Supplied entries:
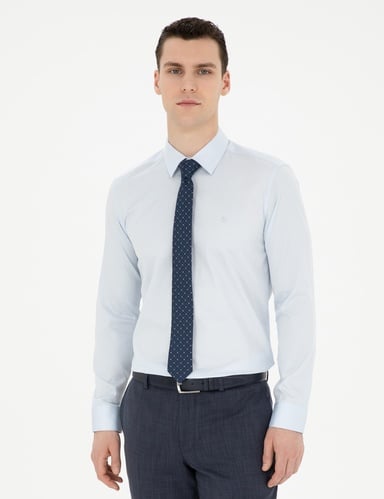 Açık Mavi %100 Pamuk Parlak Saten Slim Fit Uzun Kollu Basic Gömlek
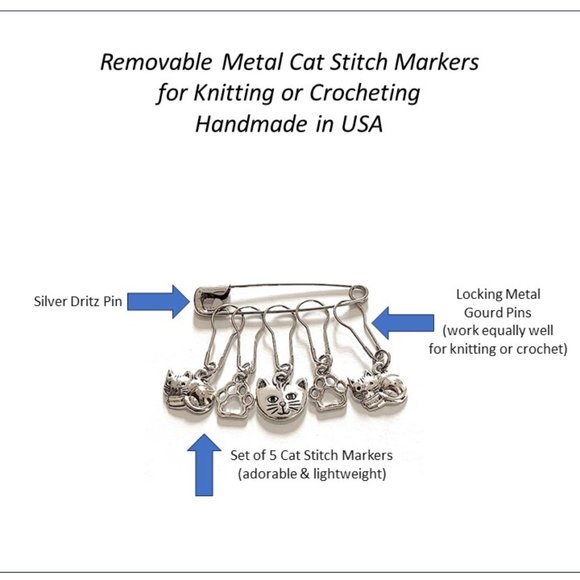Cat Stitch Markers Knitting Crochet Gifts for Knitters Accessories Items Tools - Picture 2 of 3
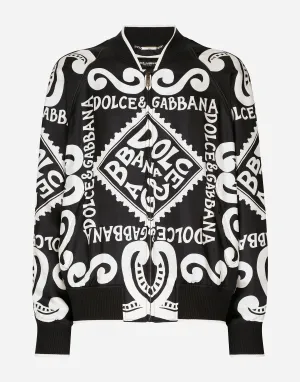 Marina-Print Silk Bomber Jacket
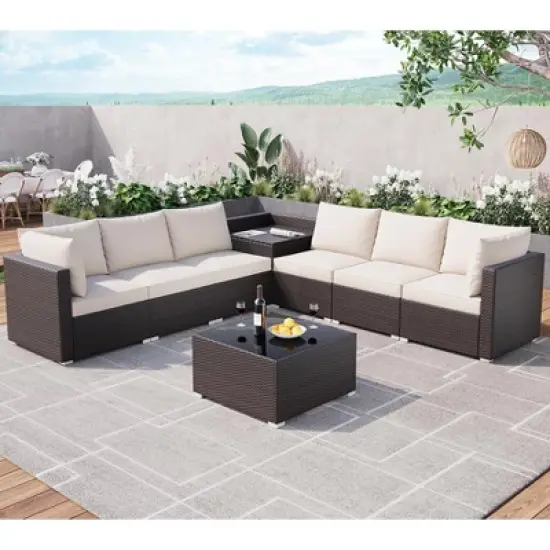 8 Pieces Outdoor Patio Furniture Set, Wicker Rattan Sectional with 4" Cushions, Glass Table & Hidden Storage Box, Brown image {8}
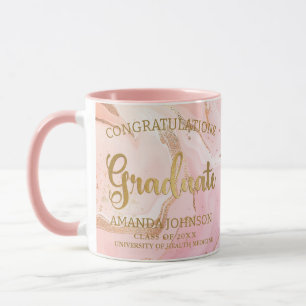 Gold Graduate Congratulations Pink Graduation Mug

---

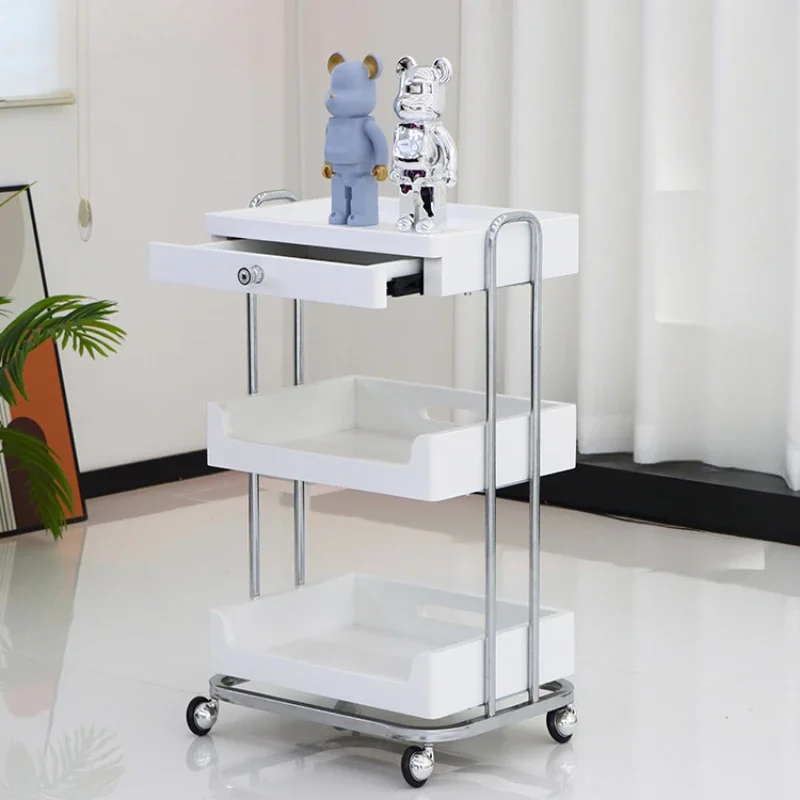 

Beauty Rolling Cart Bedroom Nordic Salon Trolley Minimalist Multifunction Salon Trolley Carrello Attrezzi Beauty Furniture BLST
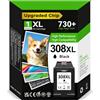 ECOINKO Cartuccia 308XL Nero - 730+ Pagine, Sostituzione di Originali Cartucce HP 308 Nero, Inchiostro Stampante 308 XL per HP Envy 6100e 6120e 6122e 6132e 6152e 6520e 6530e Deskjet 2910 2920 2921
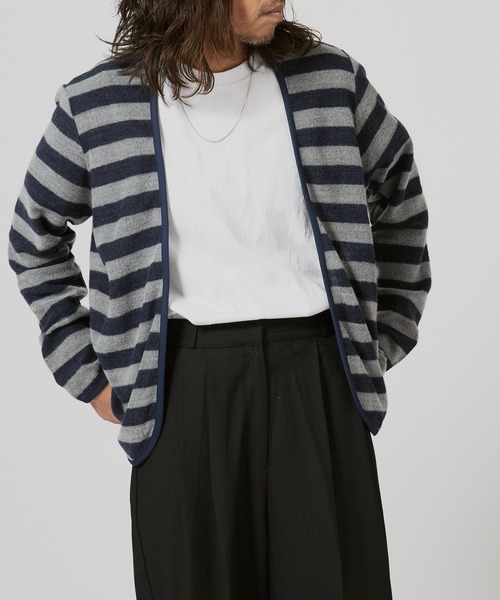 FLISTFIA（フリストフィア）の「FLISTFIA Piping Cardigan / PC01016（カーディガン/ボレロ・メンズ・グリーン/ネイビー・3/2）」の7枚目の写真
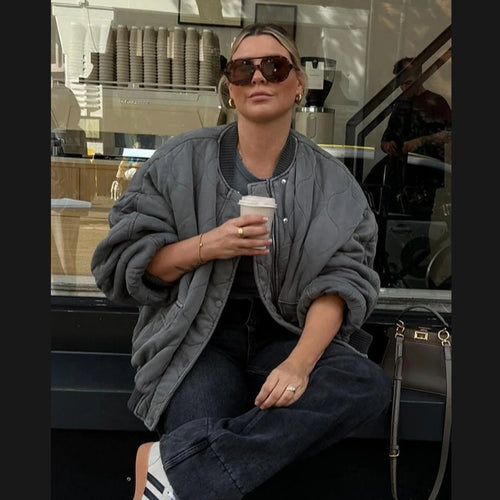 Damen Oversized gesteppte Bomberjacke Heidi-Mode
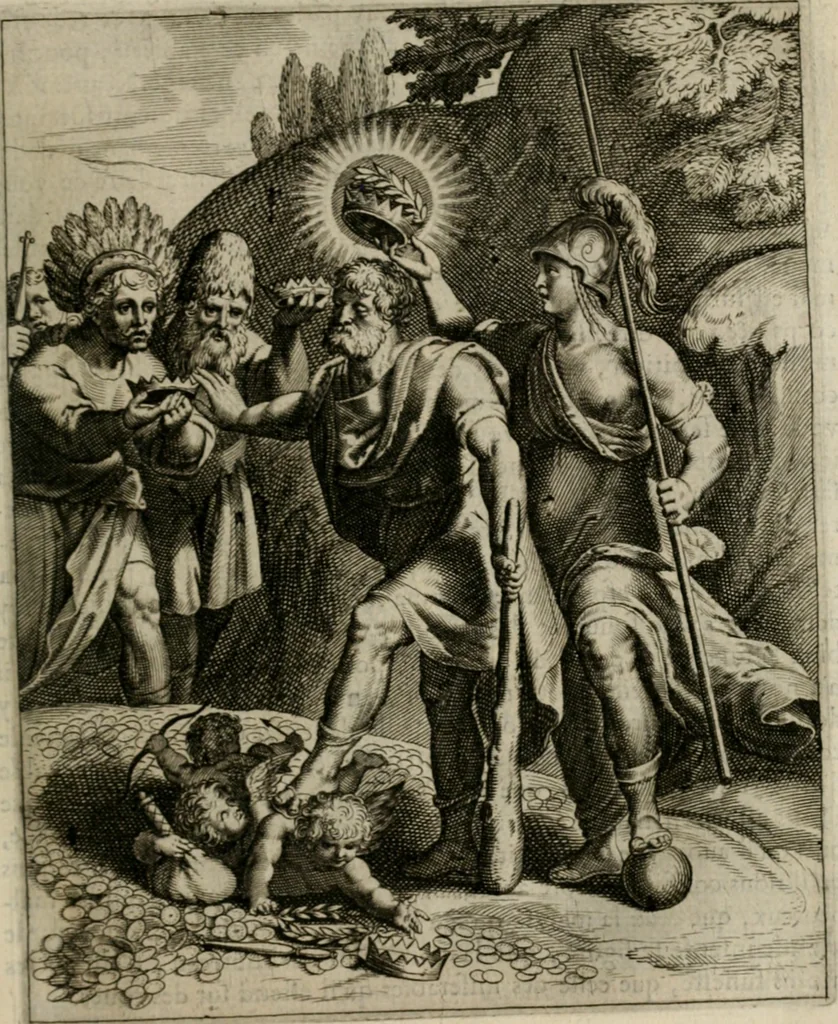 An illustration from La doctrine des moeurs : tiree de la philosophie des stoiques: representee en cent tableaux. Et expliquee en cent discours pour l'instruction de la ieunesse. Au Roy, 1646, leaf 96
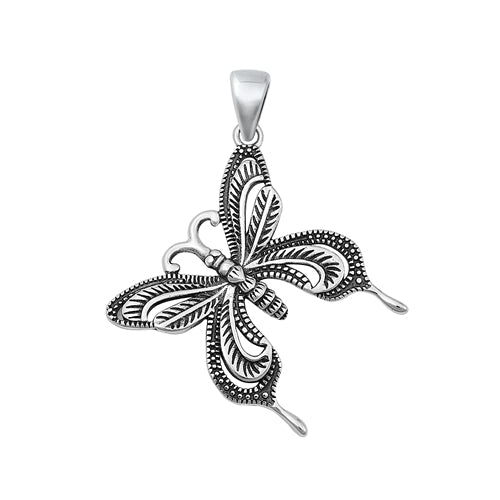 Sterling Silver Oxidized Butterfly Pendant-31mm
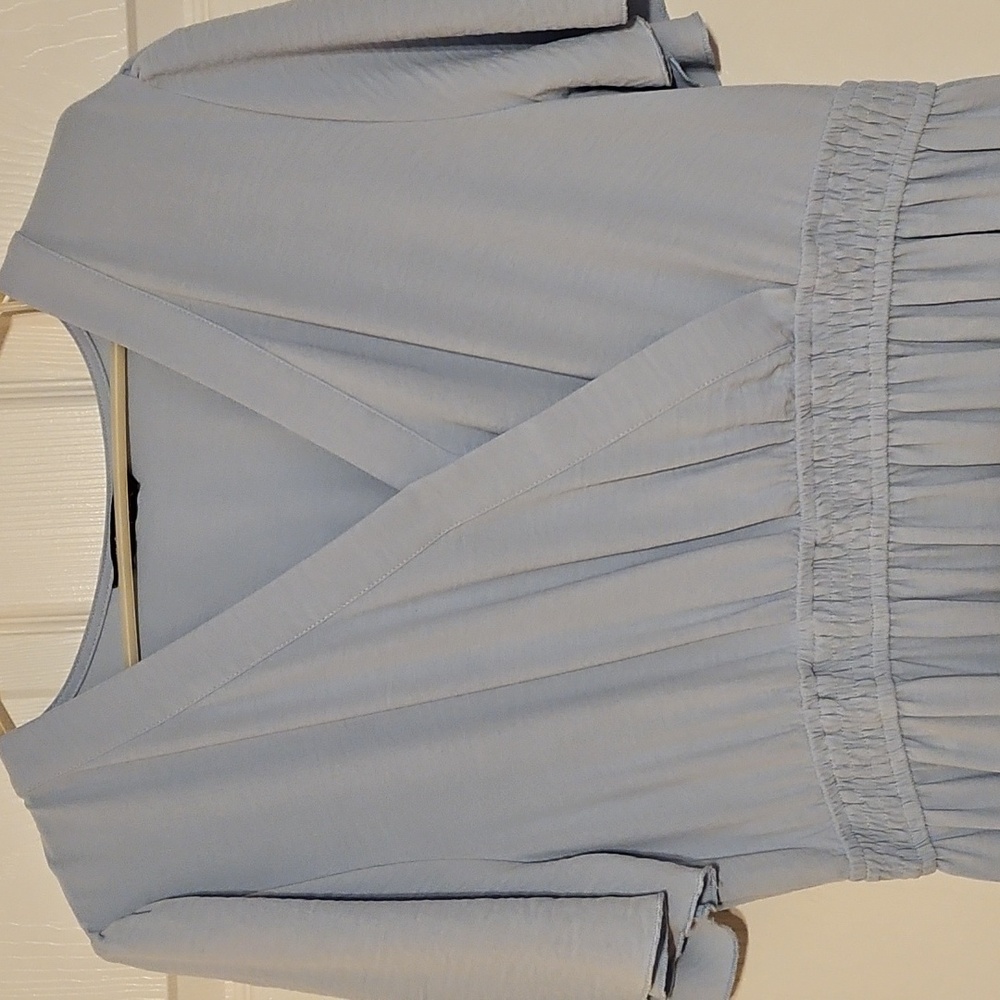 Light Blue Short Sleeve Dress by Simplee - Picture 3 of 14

Your goal:
From the data above, retype only the lines starting with the line with "Açık Mavi %100" and going on through the line with "Gold Graduate Congratulations", exactly, leaving out the pictures.

Response area:
 Açık Mavi %100 Pamuk Parlak Saten Slim Fit Uzun Kollu Basic Gömlek
Cat Stitch Markers Knitting Crochet Gifts for Knitters Accessories Items Tools - Picture 2 of 3
 Marina-Print Silk Bomber Jacket
 8 Pieces Outdoor Patio Furniture Set, Wicker Rattan Sectional with 4" Cushions, Glass Table & Hidden Storage Box, Brown image {8}
 Gold Graduate Congratulations Pink Graduation Mug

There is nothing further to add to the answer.